**Pictures with short captions:**

*** Begin section ***

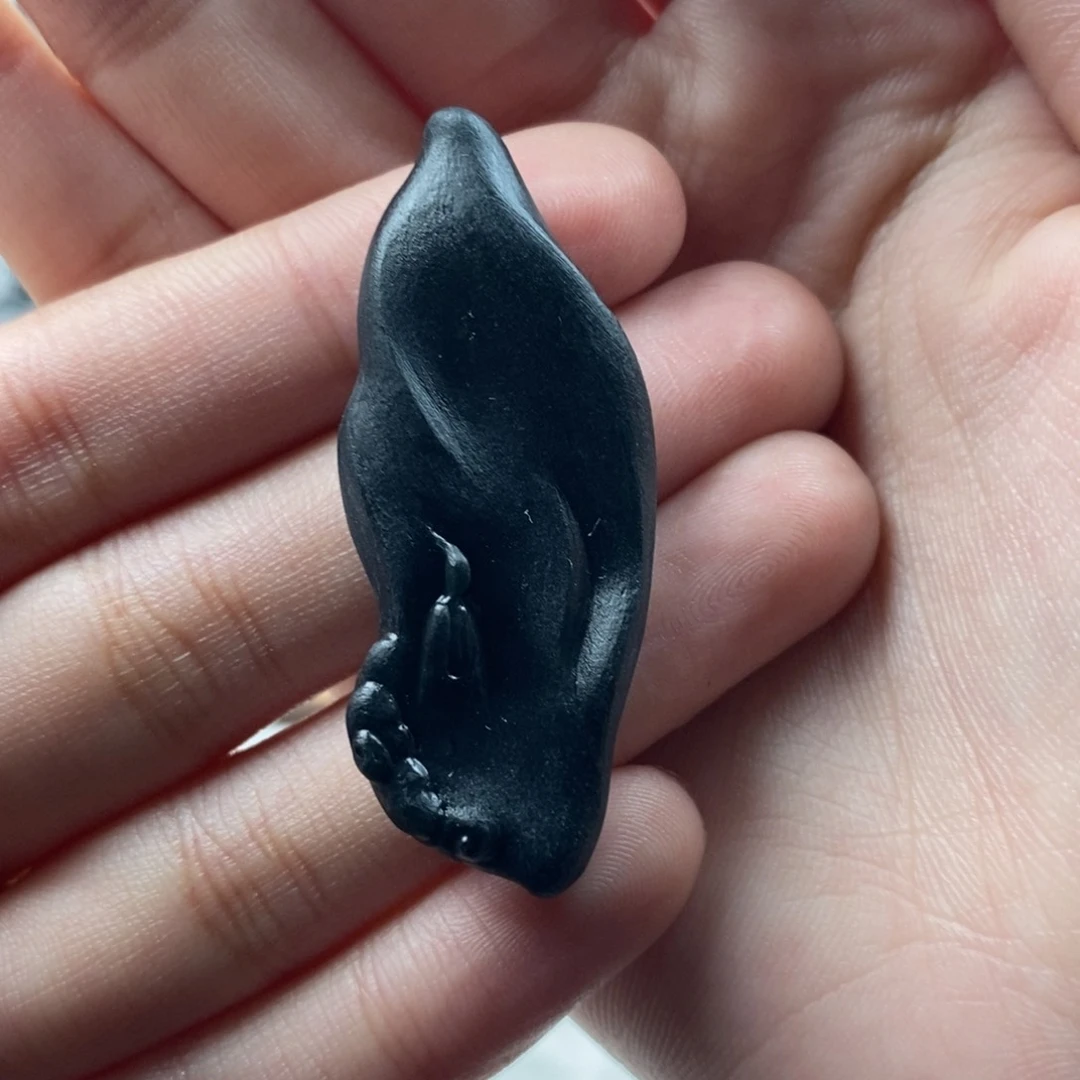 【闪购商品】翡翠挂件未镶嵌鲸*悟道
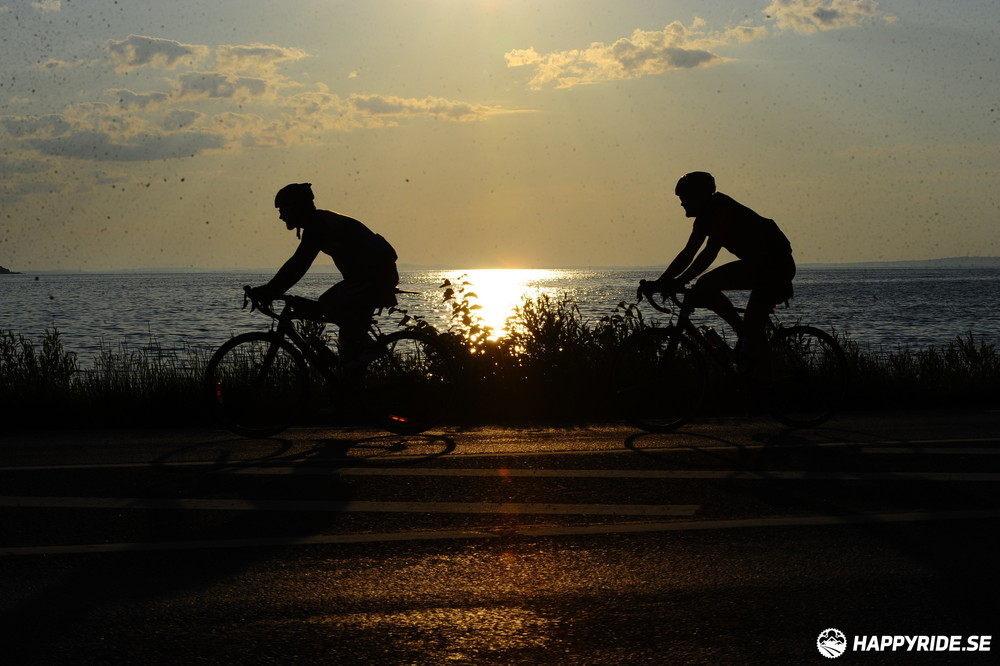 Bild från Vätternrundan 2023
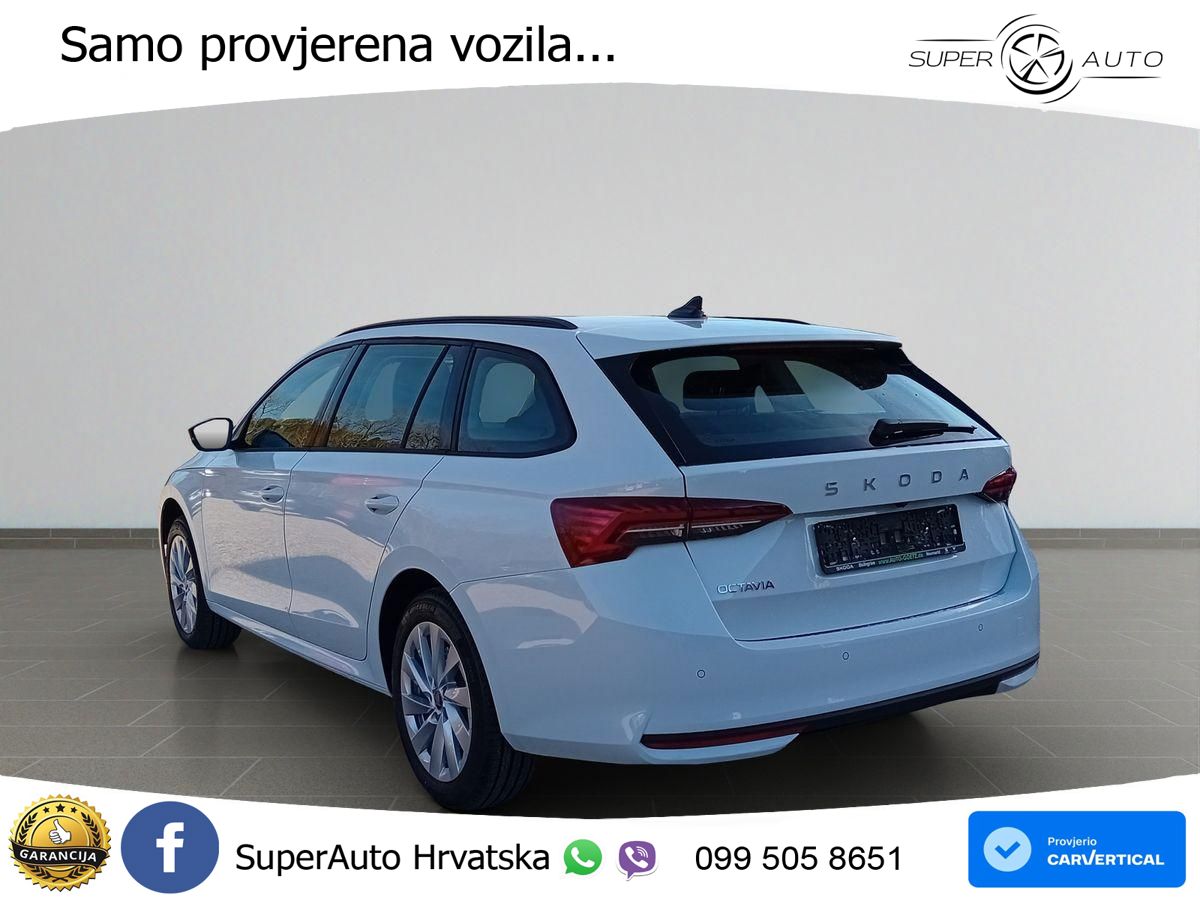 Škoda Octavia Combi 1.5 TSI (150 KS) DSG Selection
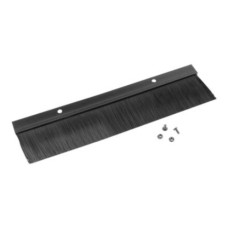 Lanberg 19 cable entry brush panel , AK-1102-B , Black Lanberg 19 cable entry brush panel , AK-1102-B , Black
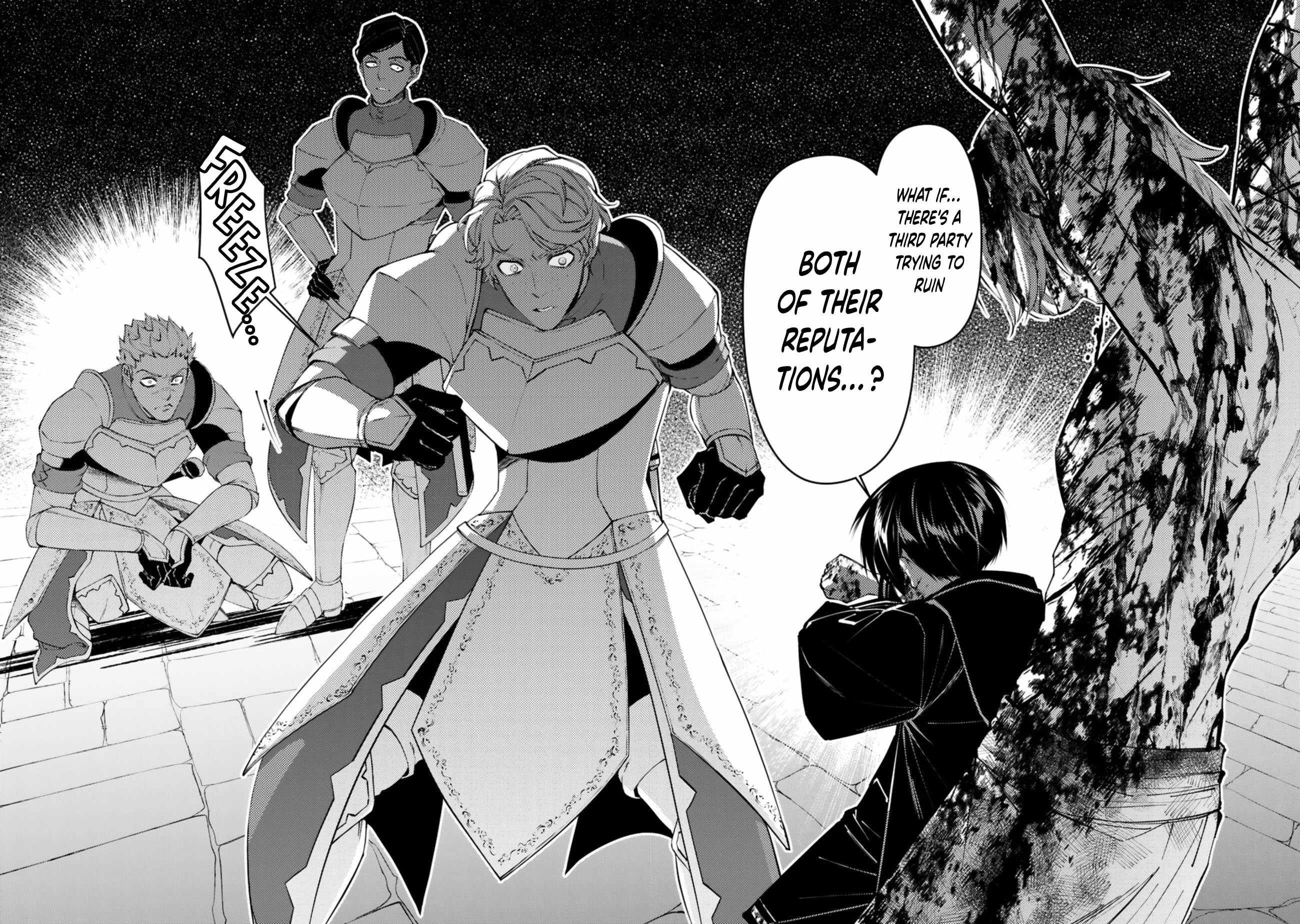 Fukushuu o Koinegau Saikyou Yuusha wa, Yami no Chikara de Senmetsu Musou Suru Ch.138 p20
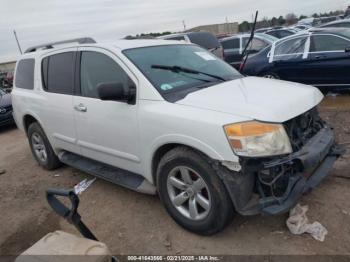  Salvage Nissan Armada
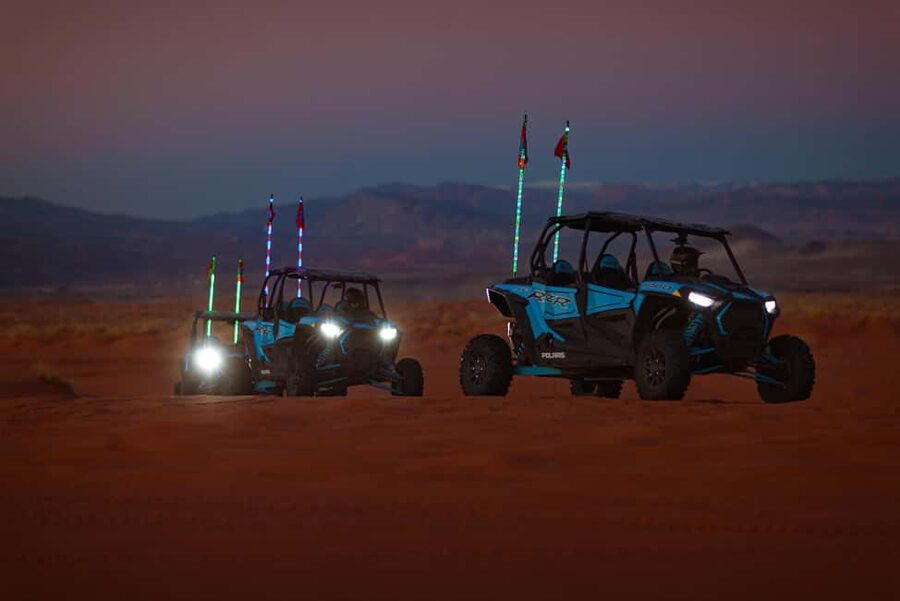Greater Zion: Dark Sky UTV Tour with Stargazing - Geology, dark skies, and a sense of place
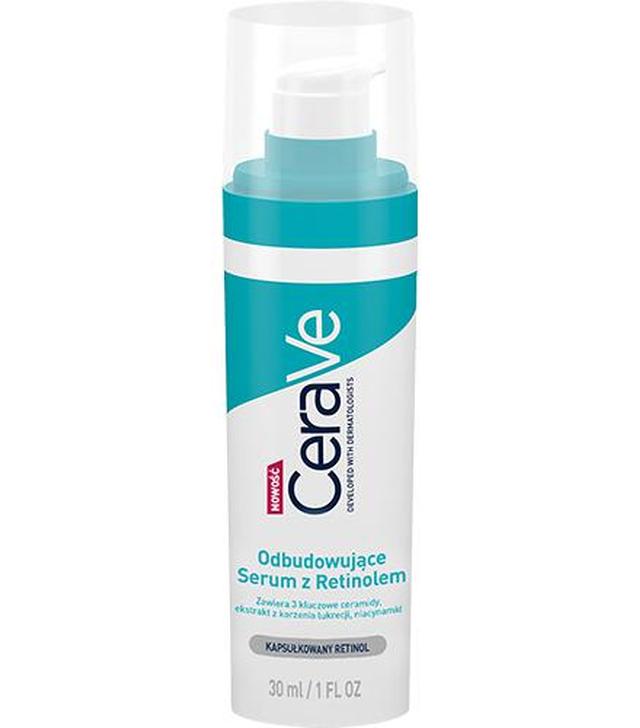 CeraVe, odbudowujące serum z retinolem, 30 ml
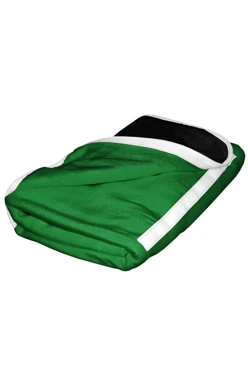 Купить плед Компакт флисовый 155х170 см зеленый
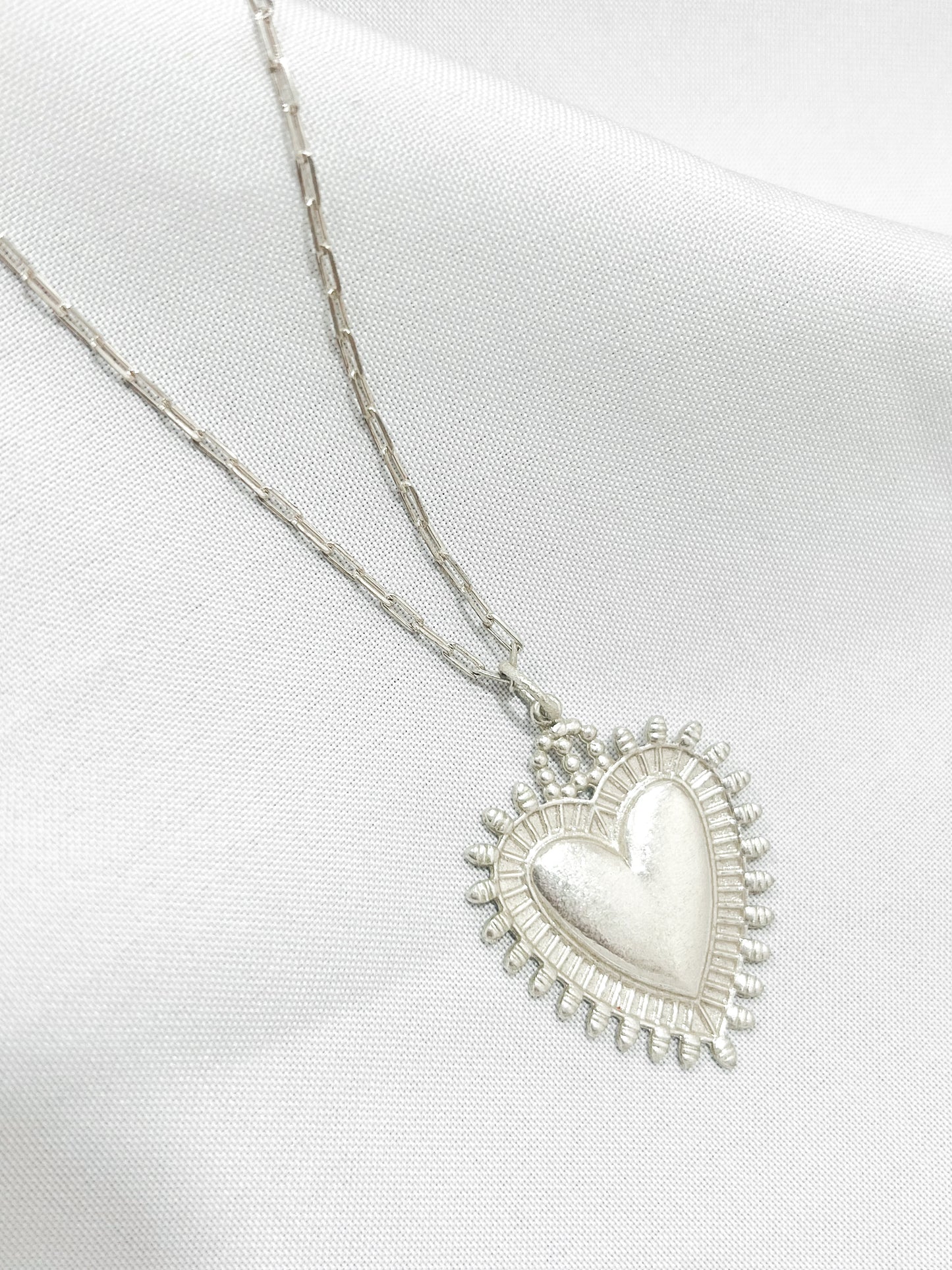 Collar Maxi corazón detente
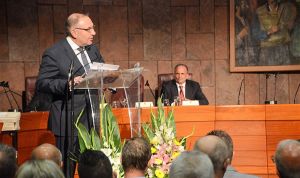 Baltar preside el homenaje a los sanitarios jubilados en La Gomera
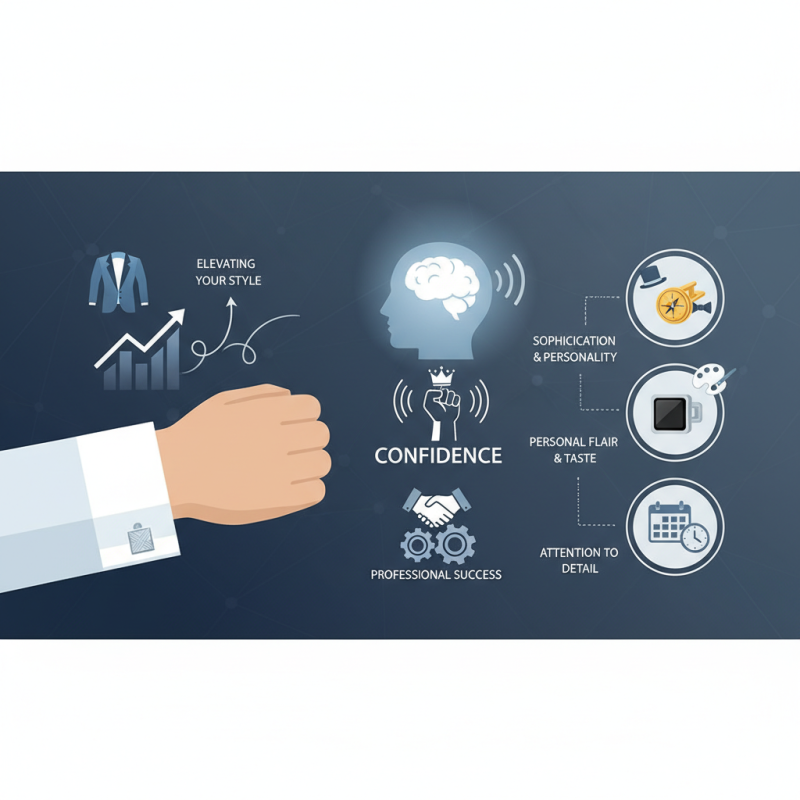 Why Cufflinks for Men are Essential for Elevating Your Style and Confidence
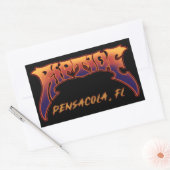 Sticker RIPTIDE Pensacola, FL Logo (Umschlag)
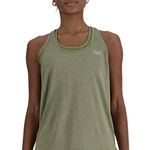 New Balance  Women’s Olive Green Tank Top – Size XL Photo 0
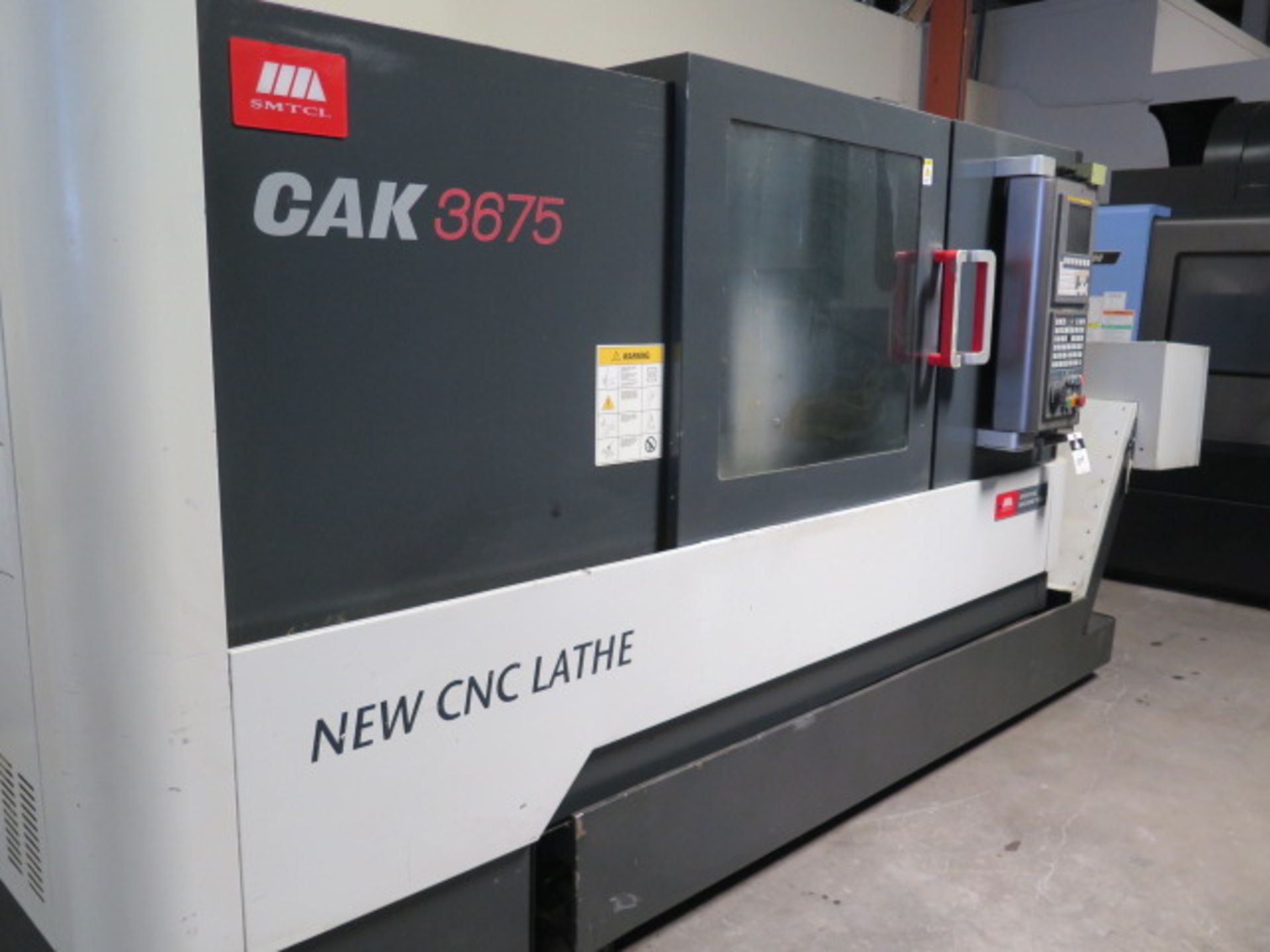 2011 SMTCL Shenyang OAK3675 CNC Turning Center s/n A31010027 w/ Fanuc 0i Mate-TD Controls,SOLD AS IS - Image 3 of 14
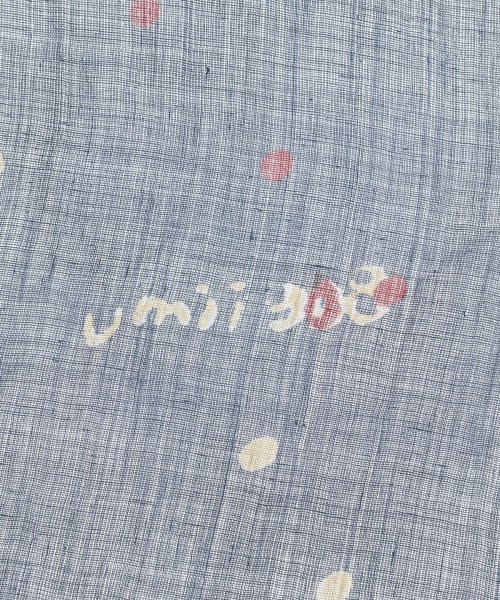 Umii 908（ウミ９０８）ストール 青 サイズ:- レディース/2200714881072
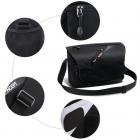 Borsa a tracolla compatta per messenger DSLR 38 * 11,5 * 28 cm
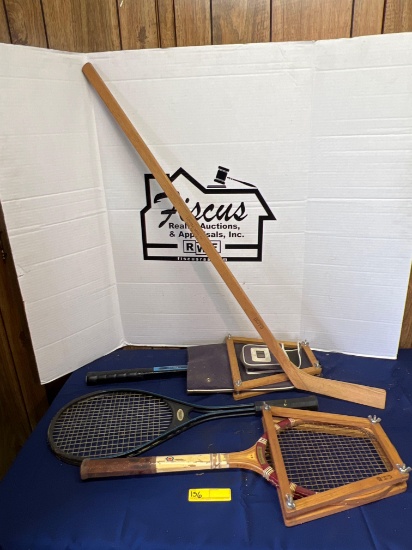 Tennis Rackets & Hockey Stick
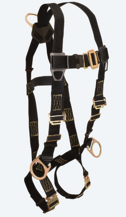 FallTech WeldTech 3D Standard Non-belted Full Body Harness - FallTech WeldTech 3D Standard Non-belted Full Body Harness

*** End section ***

**PROBLEM:**
Take the records above from their first line through the line with "Salvage Nissan Armada" and set those lines down word for word, minus the pictures.

**YOUR RESPONSE:**
 【闪购商品】翡翠挂件未镶嵌鲸*悟道
 Bild från Vätternrundan 2023
 Škoda Octavia Combi 1.5 TSI (150 KS) DSG Selection
 Lanberg 19 cable entry brush panel , AK-1102-B , Black Lanberg 19 cable entry brush panel , AK-1102-B , Black
 Fukushuu o Koinegau Saikyou Yuusha wa, Yami no Chikara de Senmetsu Musou Suru Ch.138 p20
  Salvage Nissan Armada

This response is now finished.